[Saved entries]
* * * *

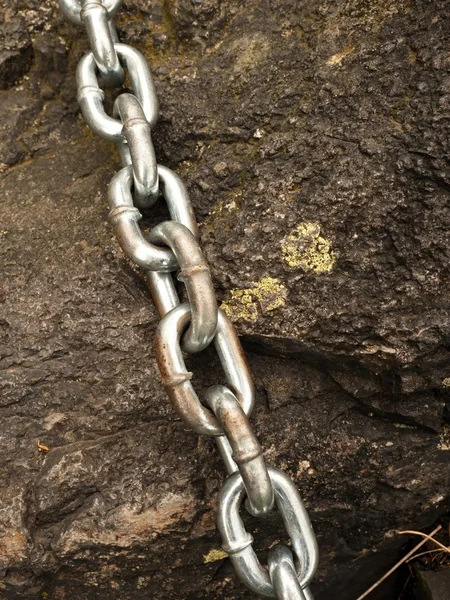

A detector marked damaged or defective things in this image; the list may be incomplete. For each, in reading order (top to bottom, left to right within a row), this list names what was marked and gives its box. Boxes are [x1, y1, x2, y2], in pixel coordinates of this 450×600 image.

rusty chain link [59, 1, 320, 596]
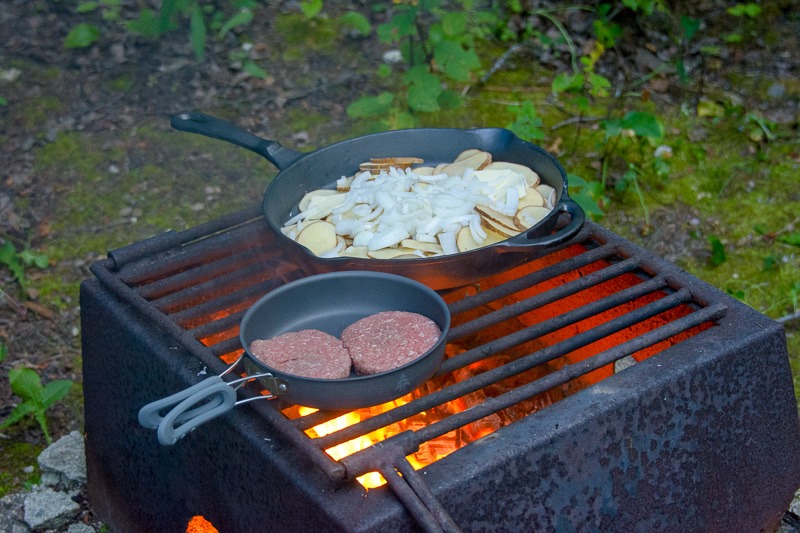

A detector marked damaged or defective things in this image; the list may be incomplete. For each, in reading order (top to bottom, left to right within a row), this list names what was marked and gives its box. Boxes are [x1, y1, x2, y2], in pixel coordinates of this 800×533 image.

charred metal surface [83, 206, 800, 528]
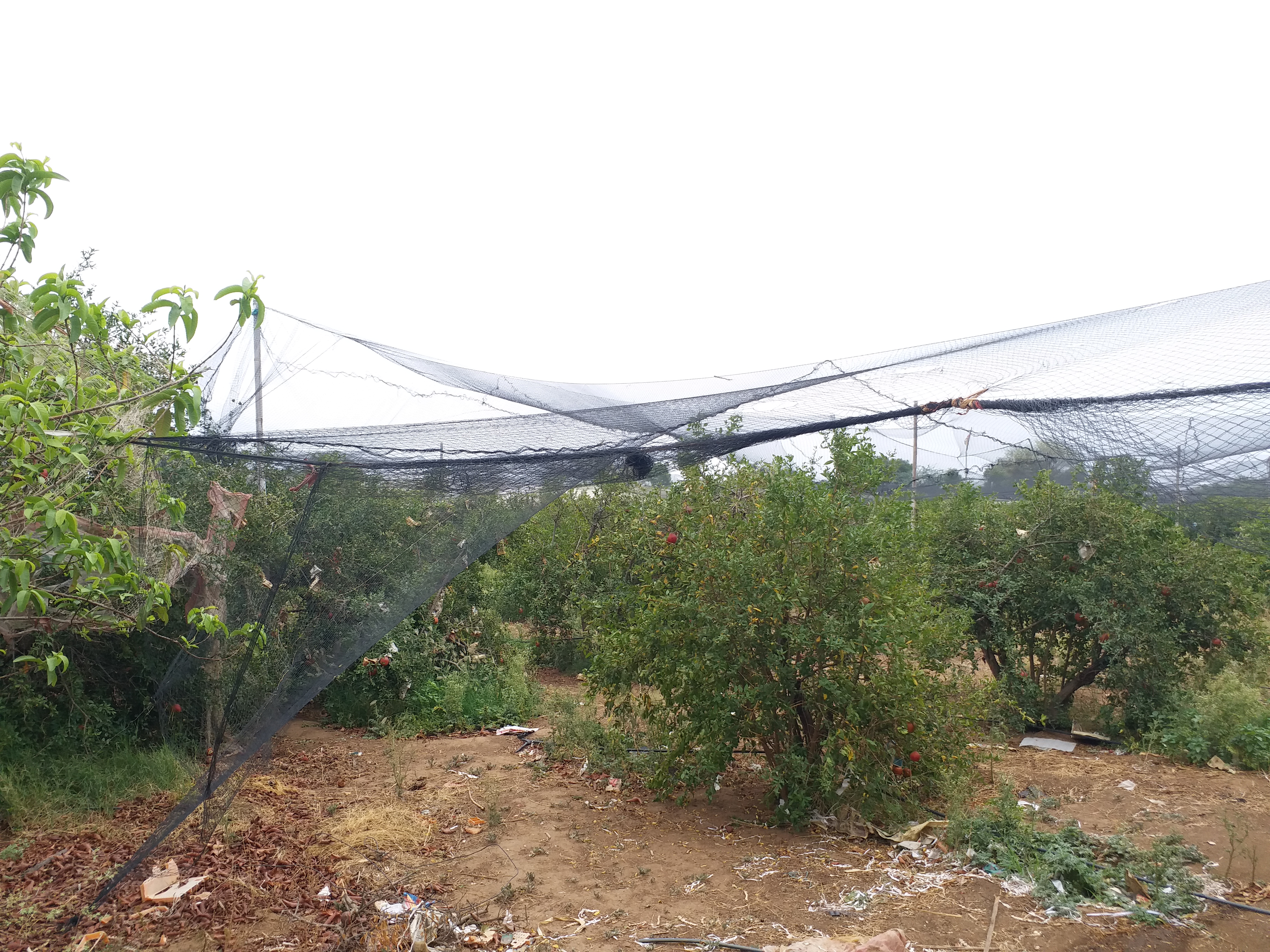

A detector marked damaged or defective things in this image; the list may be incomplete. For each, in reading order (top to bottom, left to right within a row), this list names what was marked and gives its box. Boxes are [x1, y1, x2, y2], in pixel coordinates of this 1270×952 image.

torn section of netting [94, 278, 1270, 909]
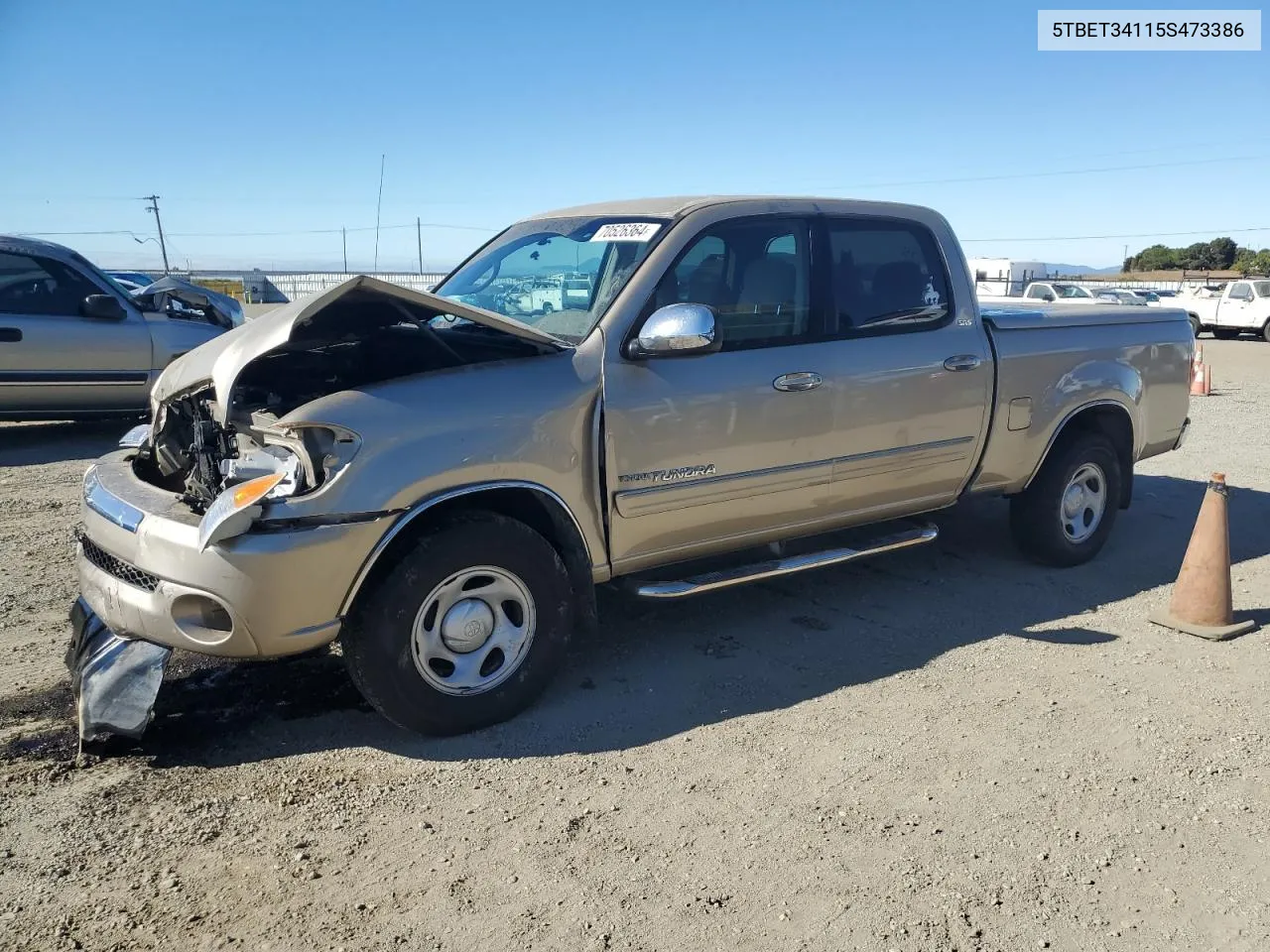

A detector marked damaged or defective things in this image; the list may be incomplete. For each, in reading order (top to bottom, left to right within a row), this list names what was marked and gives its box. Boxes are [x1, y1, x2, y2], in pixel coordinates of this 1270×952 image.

headlight damage [133, 389, 359, 547]
damaged toyota tundra [66, 195, 1199, 746]
broken bumper [67, 595, 173, 746]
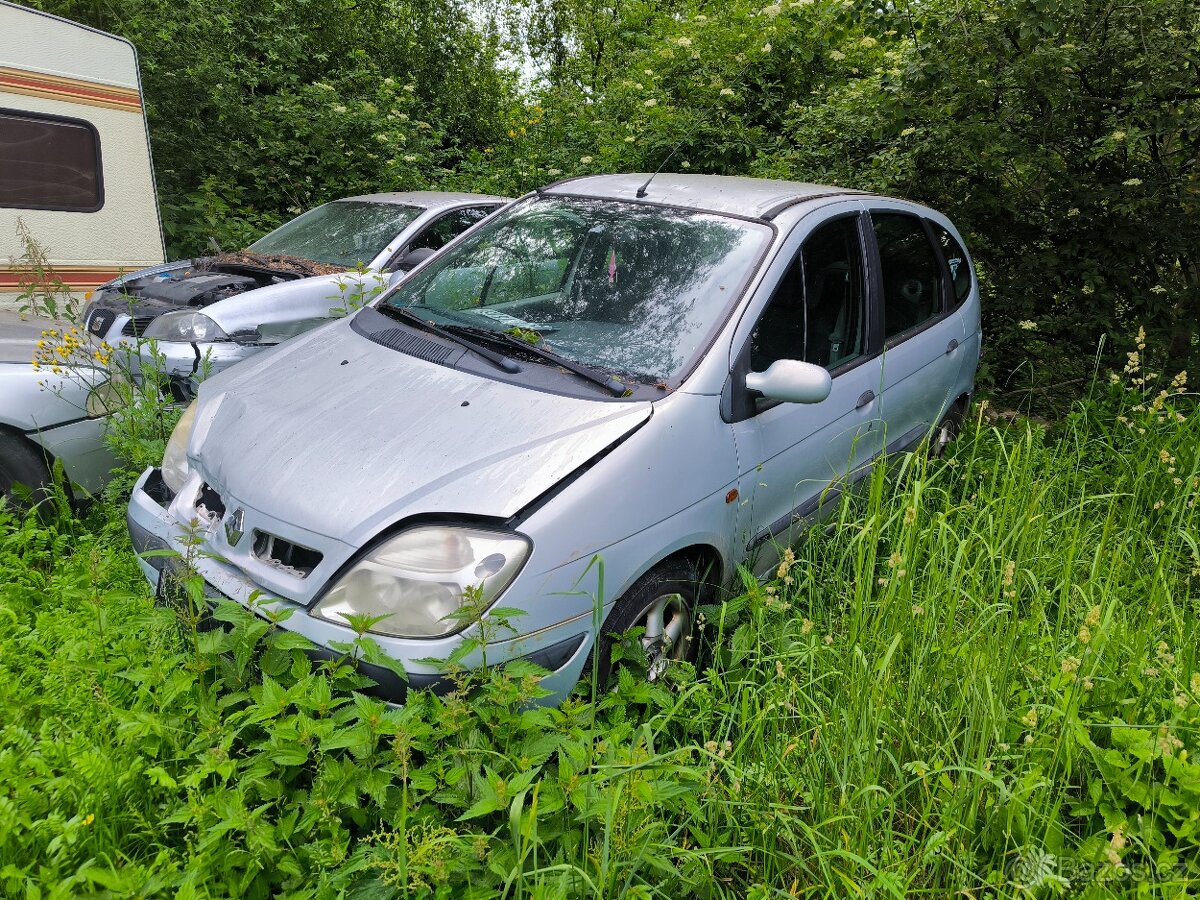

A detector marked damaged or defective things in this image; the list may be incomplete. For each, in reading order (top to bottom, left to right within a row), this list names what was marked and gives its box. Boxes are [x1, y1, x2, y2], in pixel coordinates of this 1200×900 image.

damaged front bumper [126, 468, 595, 710]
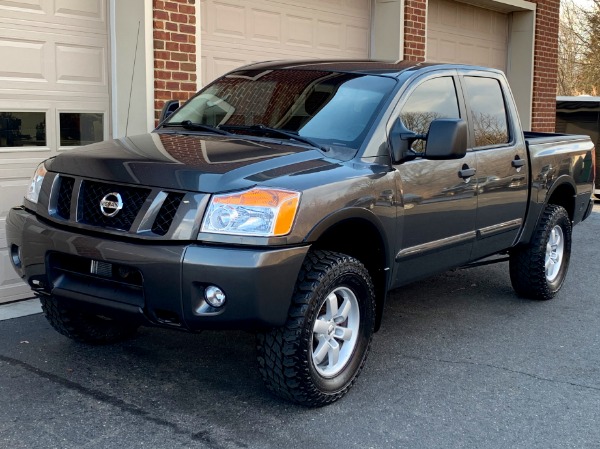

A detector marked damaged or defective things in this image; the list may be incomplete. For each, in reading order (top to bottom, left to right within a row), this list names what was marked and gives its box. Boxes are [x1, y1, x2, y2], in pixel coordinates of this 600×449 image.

pavement crack [0, 354, 233, 448]
pavement crack [380, 350, 600, 392]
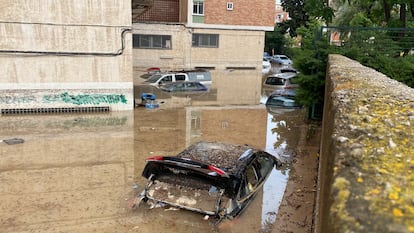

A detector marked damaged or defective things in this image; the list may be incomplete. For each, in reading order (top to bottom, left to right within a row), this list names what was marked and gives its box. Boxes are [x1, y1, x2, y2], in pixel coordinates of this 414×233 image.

overturned car [134, 141, 280, 223]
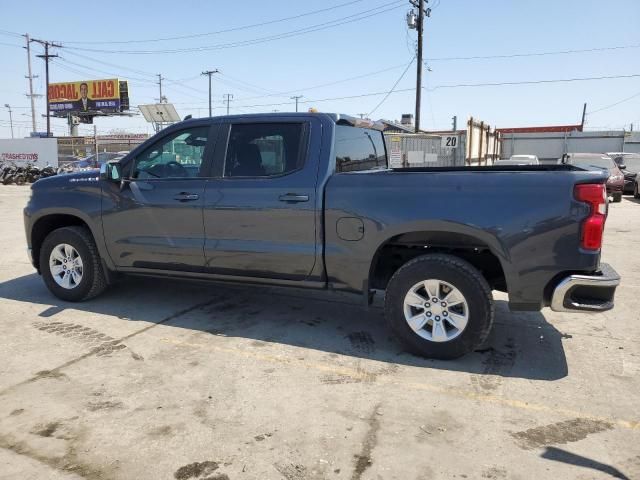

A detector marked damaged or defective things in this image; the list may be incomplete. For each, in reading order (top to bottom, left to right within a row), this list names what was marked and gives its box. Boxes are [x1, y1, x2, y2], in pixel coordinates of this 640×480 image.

crack in pavement [0, 296, 220, 398]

* * * *

**Task description**
Exact copies of the lines from the one containing "this 600×449 image." through the final line of the data are required; pictures are to be omitted.

**Response to the task**
A detector marked damaged or defective things in this image; the list may be incomplete. For each, in reading order (top to bottom, left to right within a row), this list names what was marked and gives its box. Boxes are [x1, y1, x2, y2], in pixel coordinates of this 600×449 image.

pavement crack [0, 354, 233, 448]
pavement crack [380, 350, 600, 392]

A detector marked damaged or defective things in this image; the list may be incomplete. For each, in reading order (top to bottom, left to right within a row), this list names what was marked and gives its box. Boxes are [x1, y1, x2, y2], in pixel coordinates of this 414×233 image.

overturned car [134, 141, 280, 223]

A detector marked damaged or defective things in this image; the list may be incomplete. For each, in reading order (top to bottom, left to right within a row), this list names what was marked and gives its box. Boxes are [x1, y1, x2, y2], in pixel coordinates of this 640×480 image.

crack in pavement [0, 296, 220, 398]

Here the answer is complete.